Given that I have so many things half-written, this shouldn’t be too difficult. I just need to dig them out and wrap them up. (It helps that I already have a spreadsheet for this.)

3. Submit Two Pieces Per Month for Publication

This one’s pretty self-explanatory. There’s no point in finishing things up and having a back catalogue of work if I’m not gonna do anything with it. Already, I have a bunch of completed works sitting doing nothing. I’m gonna get on that.

4. Self-Publish Two Micropoetry Collections

I have both of these almost ready to go and have done for some time. Why I haven’t finished the polishing process and pressed ‘publish’, I’m not quite sure. I just wanna get them out into the world already.
Torn between having a launch this summer or trying to get them out for National Poetry Day in October, I’ll be happy as long as they’re complete this year. Details to follow on that soon.

5. Acquire Literary Agent and Join the Society of Authors

This has been on my list – and, indeed, a few different lists – for a long time. Eventually, it’ll happen and I’ll keep going (and keep including it on my ‘to do’ lists) until it does.

What I Wrote in 2017

It took me some time, but I now have a typed record of everything I wrote last year, and I can tell you it all totals one-hundred-and-forty-six-thousand (146,000) words (rounded figure).
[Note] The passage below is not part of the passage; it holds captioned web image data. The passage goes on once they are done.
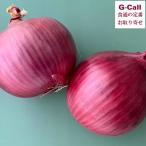  Hokkaido . хорошо . производство красный лук репчатый красный I 5kg 9 месяц последняя декада ~2026 год 1 месяц сверху . отгрузка Kyushu * Okinawa доставка отдельно сырой еда лук репчатый овощи .... прямая поставка от производителя ваш заказ шар лук порей редкий товар вид 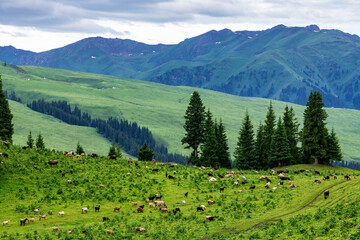 Wall Mural - Summer alpine steppe pasture in Tangbula grassland in Xinjiang Uygur Autonomous Region, China.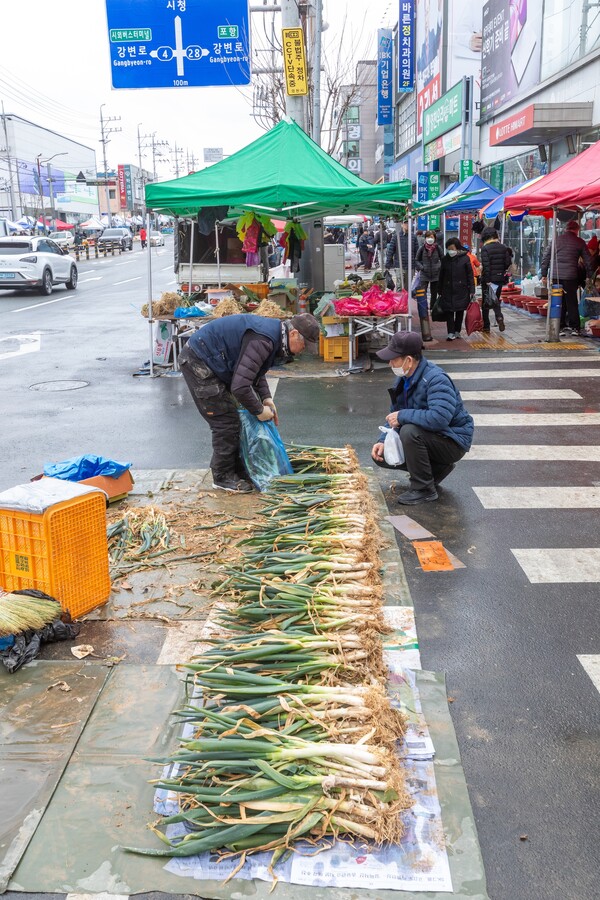 직접 밭에서 뽑아오셨을 대파들이 눈길을 끈다. 겨울을 보내고 나온 대파들의 단맛이 떠올라 한무더기 사고야 만다. 류관희 작가
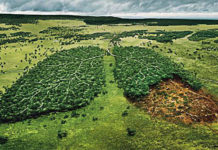 Norway First Country To Ban Deforestation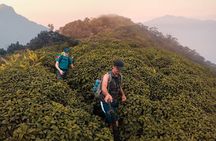 Knuckles Mountain Range Hiking and Trekking Day Tour From Kandy Hotels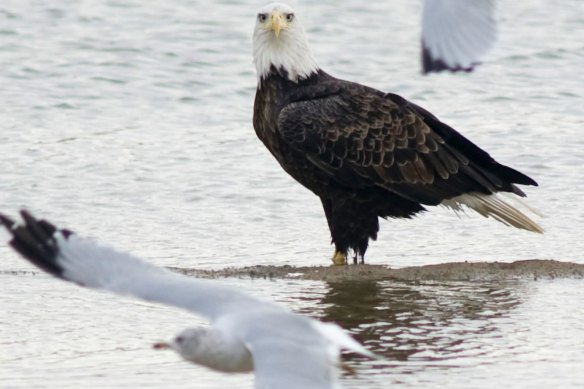 A bald eagle watches a seagull in Gibson County, Indiana. 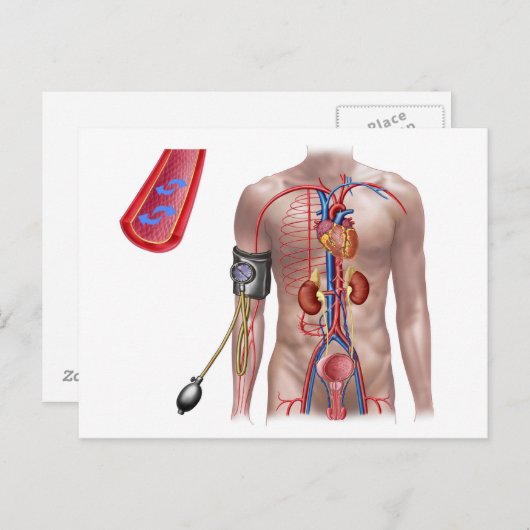 Blutdruck und Kreislauf Postkarte (Vorne/Hinten)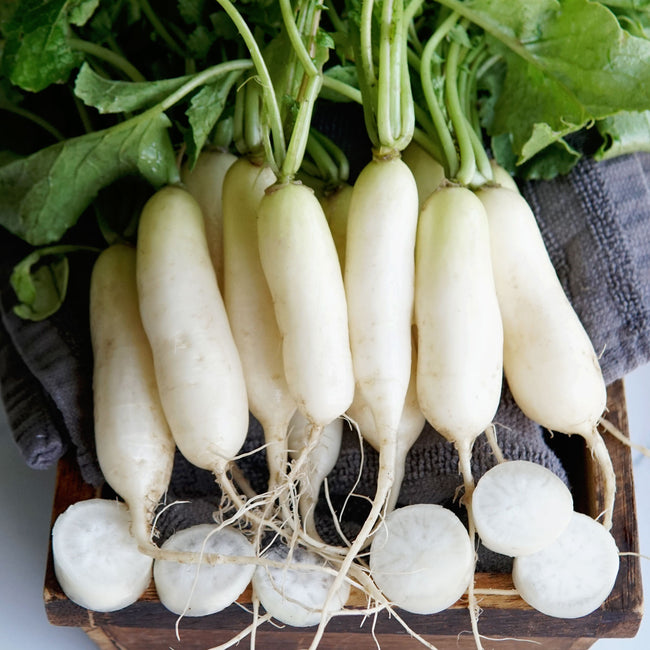 Close-up of Leda radishes showing white cylindrical roots with spring-green shoulders on a dark background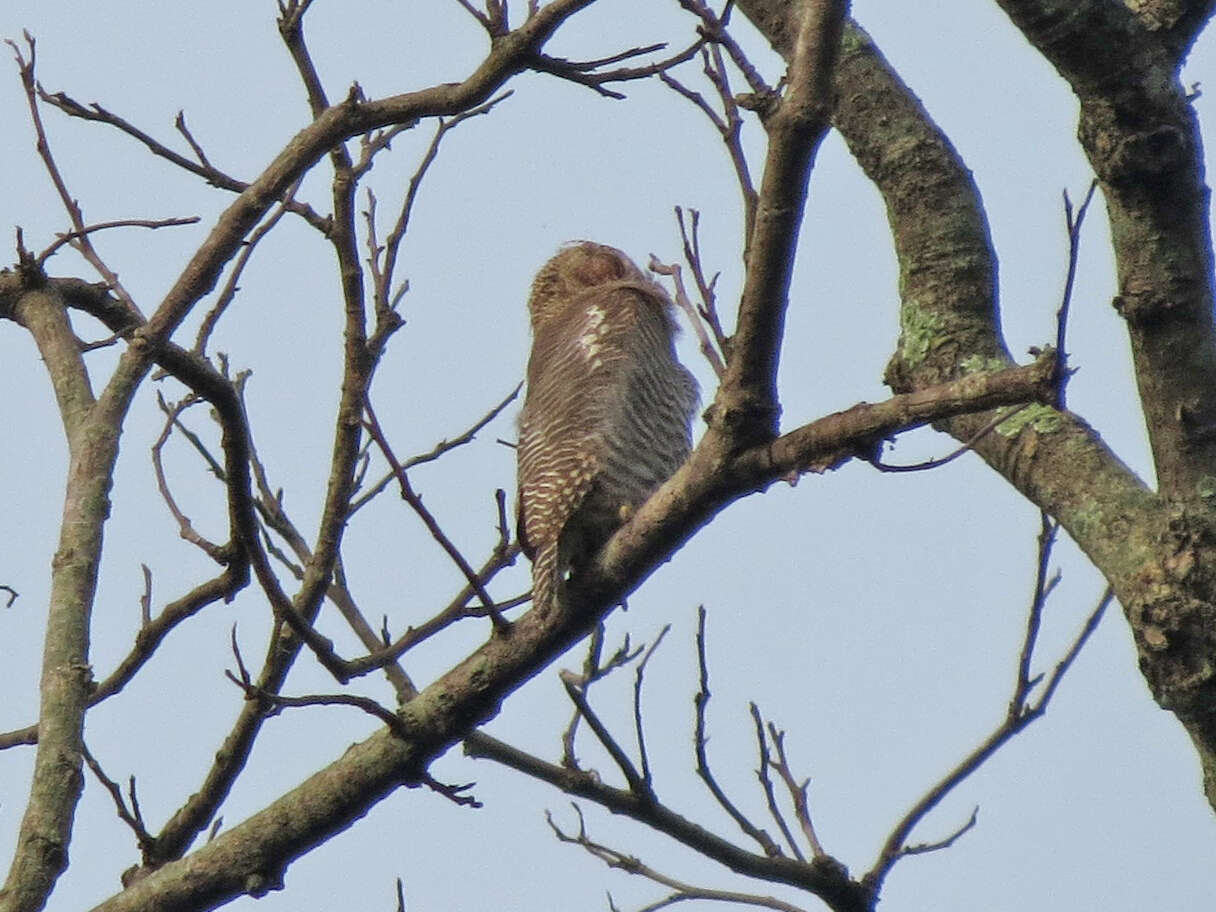 Imagem de Glaucidium radiatum (Tickell 1833)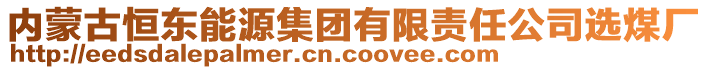 內(nèi)蒙古恒東能源集團有限責(zé)任公司選煤廠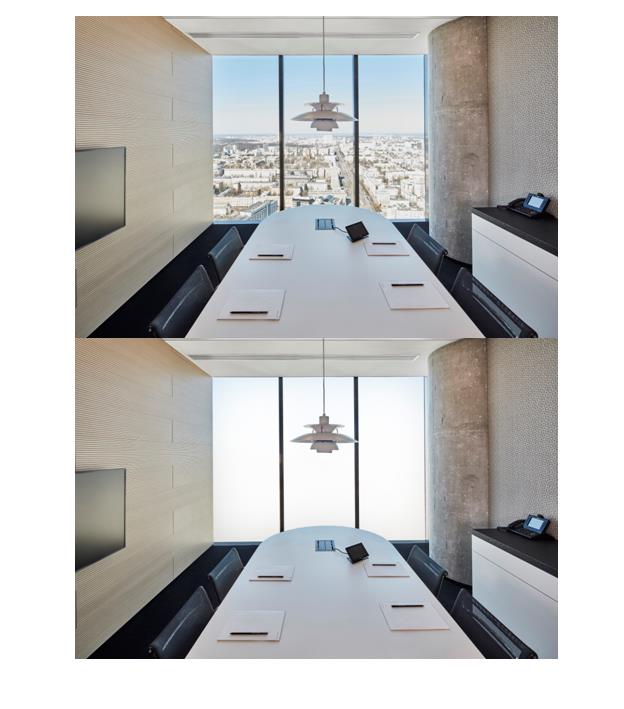 Switchable Privacy Glass
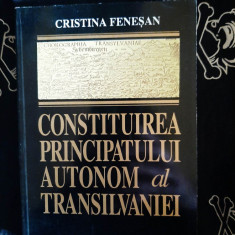 Cristina Fenesan - Constituirea principatului autonom al Transilvaniei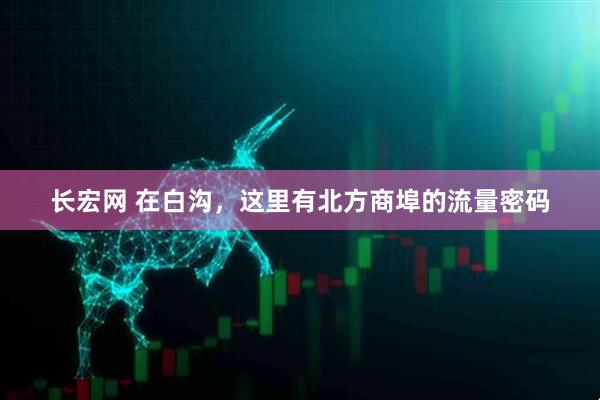 长宏网 在白沟，这里有北方商埠的流量密码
That equates to a decent sized novel.

For context and comparison, it’s quite a bit more than Harry Potter and the Prisoner of Azkaban, and a bit less than Harry Potter and the Half-Blood Prince (which are 107,253 and 168,923 words, respectively – source for that info. here).

On average, it’s 400 words per day, which is just shy of the 500 words per day that Ernest Hemingway wrote during his life (source).

So, this blog post can be summarized by me saying I’m basically the Ernest Hemingway of Harry Potter. Except, you know, nothing like that at all.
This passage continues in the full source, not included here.